# Data Visualisation Assignment

Total points: 80 + 20 (5 x 4) for conciseness

Total number of questions: 3 (45 + 30 + 25)

Dataset: [Titanic](https://www.kaggle.com/competitions/titanic)


In this assignment, we'll be using the help of data visualization to help us deal with missing values. Normally, you would think of a method to fill the `NaN` values, visualize it graphically to see if  your method is feasable, and then implement it.

Here however, since this will be the first time many people are doing this, I'll be giving a hint to the method, from which you should figure it out, implement it and then visualize only to justify your method.

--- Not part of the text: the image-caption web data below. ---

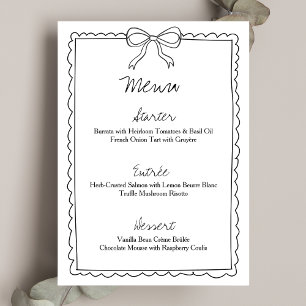 Elegant Bow Border Hand Drawn Chic Bridal Shower Menu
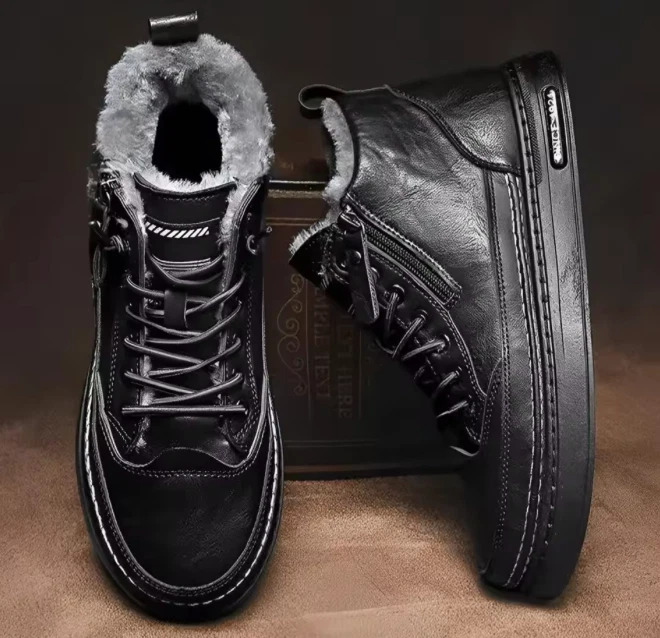 Herren Stiefel Kunstleder Wasserdicht Rutschfest Winter - Bild 3 von 3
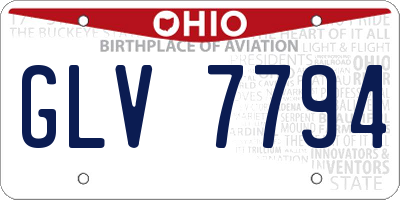 OH license plate GLV7794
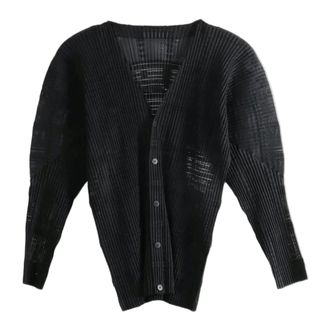 Issey Miyake Camicia a pieghe a griglia in pizzo - - Knitwear - Uomo - Nero - L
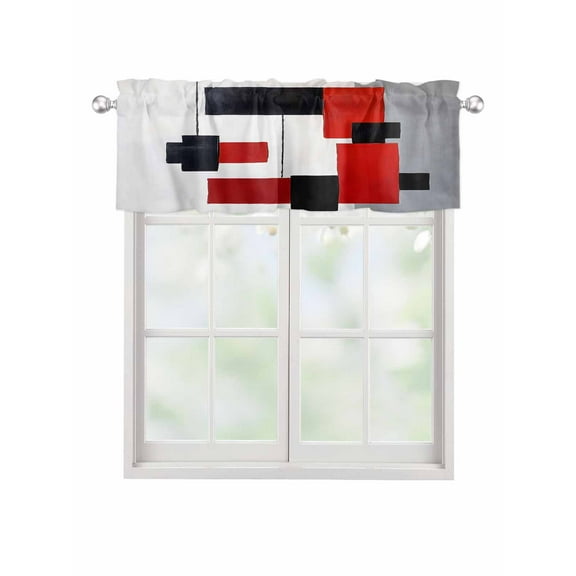 Valances for Windows Red And Black Square Rod Pocket Cafe Window Treatments Valance Curtains for Kitchen Bathroom Laundry Basement Windows 54"x18"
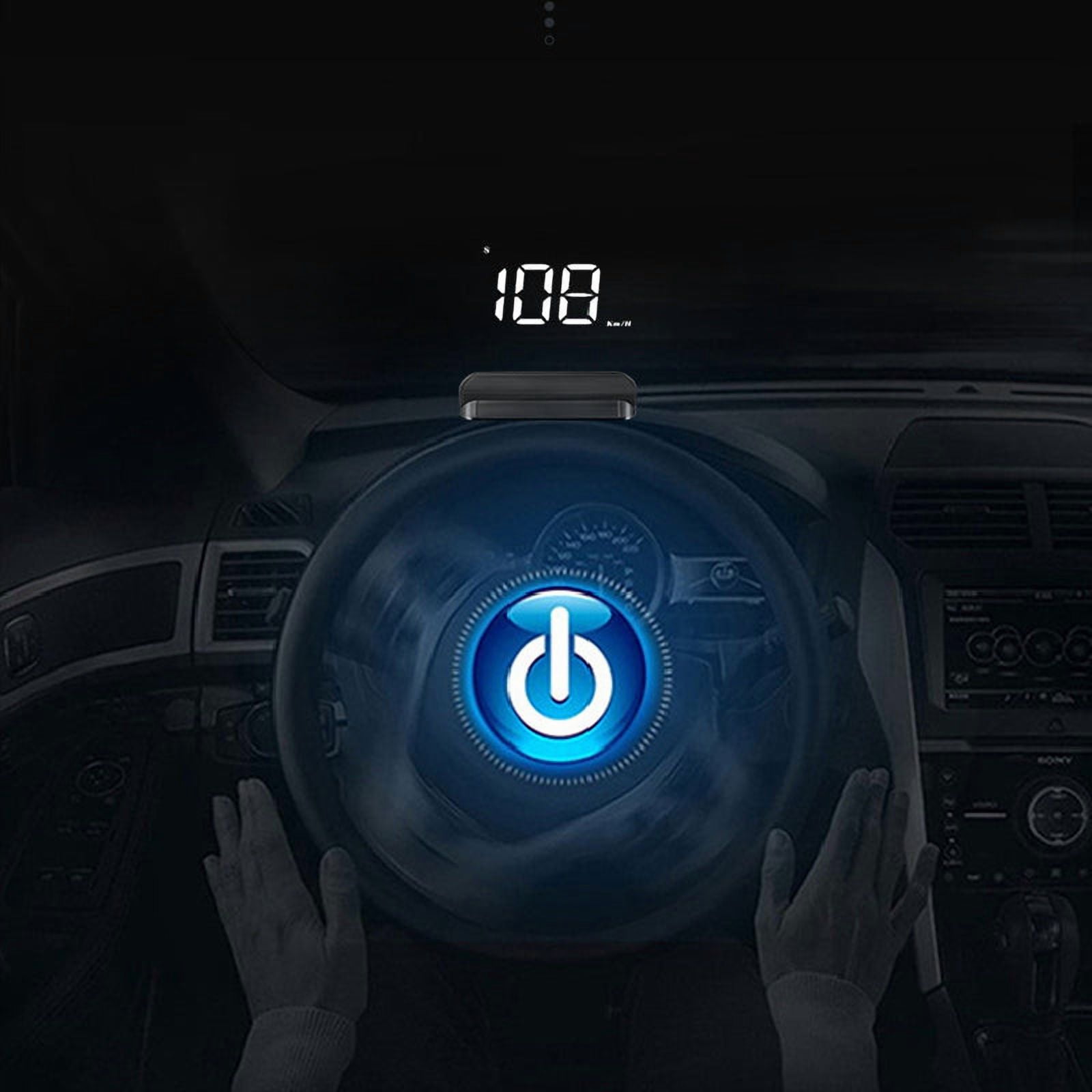Wireless Car HUD Head-Up Display with Holographic Speed Projection and GPS, Universal Dashboard Speedometer for All Vehicles, Day/Night Visible Projector with Reflective Film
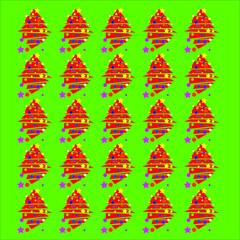 wrapping paper pattern, christmas themed. red pine trees isolated on green background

**Note:** for every subquestion, use a copy of the `titanic` dataframe and not the original.

##  Data Dictionary:

- `PassengerId`, `Name`, `Sex`, `Age` and `Fare` are self-explanatory
- `Survived` is the variable of whether the passenger survived or not:
  - `1`: Survived
  - `0`: Didn't survive
- `Pclass` (Passenger Class) is the ticket class booked  by the passenger and it reflects the socio-economic status of the passenger:
  - `1`: Upper Class
  - `2`: Middle Class
  - `3`: Lower Class
- `SibSp` is the total number of the passengers' siblings and spouse aboard the ship
- `Parch` is the total number of the passengers' parents and children aboard the ship
- `Ticket` is the ticket number of the passenger
- `Cabin` is the cabin number of the passenger
- `Embarked` is port of embarkation (boarding):
  - `C`: Cherbourg
  - `Q`: Queenstown
  - `S`: Southampton


In [1]:
# imports 

import pandas as pd

import plotly.graph_objects as go
import plotly.express as px
from plotly.subplots import make_subplots

import warnings
warnings.filterwarnings("ignore")


In [2]:
titanic = pd.read_csv(r"D:\GitHub\crux-ml-summer-group-2022\2_Data_Vizualization\titanic.csv")
titanic.head()

FileNotFoundError: [Errno 2] No such file or directory: 'D:\\GitHub\\crux-ml-summer-group-2022\\2_Data_Vizualization\\titanic.csv'

### Dealing with missing values

We first find out which columns have missing values, and then deal with them one by one

In [None]:
# function to help you keep track of missing values in a dataframe
def count_na(df):
  series = df.isna().sum()
  return series[series > 0]

In [None]:
count_na(titanic)

Age         177
Cabin       687
Embarked      2
dtype: int64

#### Embarked

we start with embarked as it has only 2 missing values.

In [None]:
titanic[titanic["Embarked"].isna()]

Unnamed: 0,PassengerId,Survived,Pclass,Name,Sex,Age,SibSp,Parch,Ticket,Fare,Cabin,Embarked
61,62,1,1,"Icard, Miss. Amelie",female,38.0,0,0,113572,80.0,B28,
829,830,1,1,"Stone, Mrs. George Nelson (Martha Evelyn)",female,62.0,0,0,113572,80.0,B28,


- **Method 1:** We find out where place most people embarked from and fill in the missing values with the most common one.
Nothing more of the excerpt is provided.